Avoid the use of the words "curriculum vitae" as a heading - it's so passé. Put your name in its place, centred at the top of the first page. Do not treat the reader like an idiot by including superfluous headings, such as "name", "address" or "telephone number". On no account include your two divorces or the number of children you have. And never, ever disclose your salary, unless you want to earn less than it.

3 Sell yourself

These two words strike the fear of God into most hearts (unless your chosen career is telesales). Carefully consider the tone.

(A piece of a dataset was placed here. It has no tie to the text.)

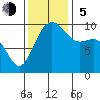 Lofall tide chart for Sunday, November 5, 2023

You have to sound confident but not cocky. You have to sell your skills. Analyse every job you've ever had and assess its relevance. With enough creative thinking, you can squeeze significant "experience" out of the most blatantly irrelevant of jobs: your time as a cashier at Netto taught you the importance of handling money, for instance. Cut out embarrassing jobs, such as your stint as Chas the Chicken at the local shopping mall, but be creative with the gaps of "not working" on your CV. A career summary at the top of the CV gives you a chance to fleetingly blow your own trumpet before the reader loses interest. Above all be brief. Never run to more than two pages.

4 First impressions

Try to imagine your CV landing on your desk at work. Look at the presentation. Does the paper look like your dog slept on it? Is the layout neat and stylish? Do the margins line up? Is the ink nice and bold or is it obvious you couldn't be bothered to buy a new cartridge? Printing your CV on good quality, heavier weight paper can make it stand out in a crowd, particularly if you plump for an off-white colour - although on no account print it on silver paper in rainbow-coloured inks. Do not use over-the-top typefaces - the curly and archaic ones look naff and the futuristic ones sound the "boffin" alarm bells. Go for something sedate and stylish. Also, if you're sending your CV by email, some computers won't be able to read unusual fonts.

5 Check it like a maniac

Check the layout. Check the spelling. Check for typos. Check the dates and the years and the content. Check it makes you cringe (a good sign). Are all those interests and hobbies really relevant? Do some suggest disturbing character traits? Delete, delete, delete … If you are printing it out, hunt around for a decent-looking envelope (preferably an A4 hardbacked one so your CV won't get creased), pop it in with the covering letter … the covering letter? … aaaaarrrgggh!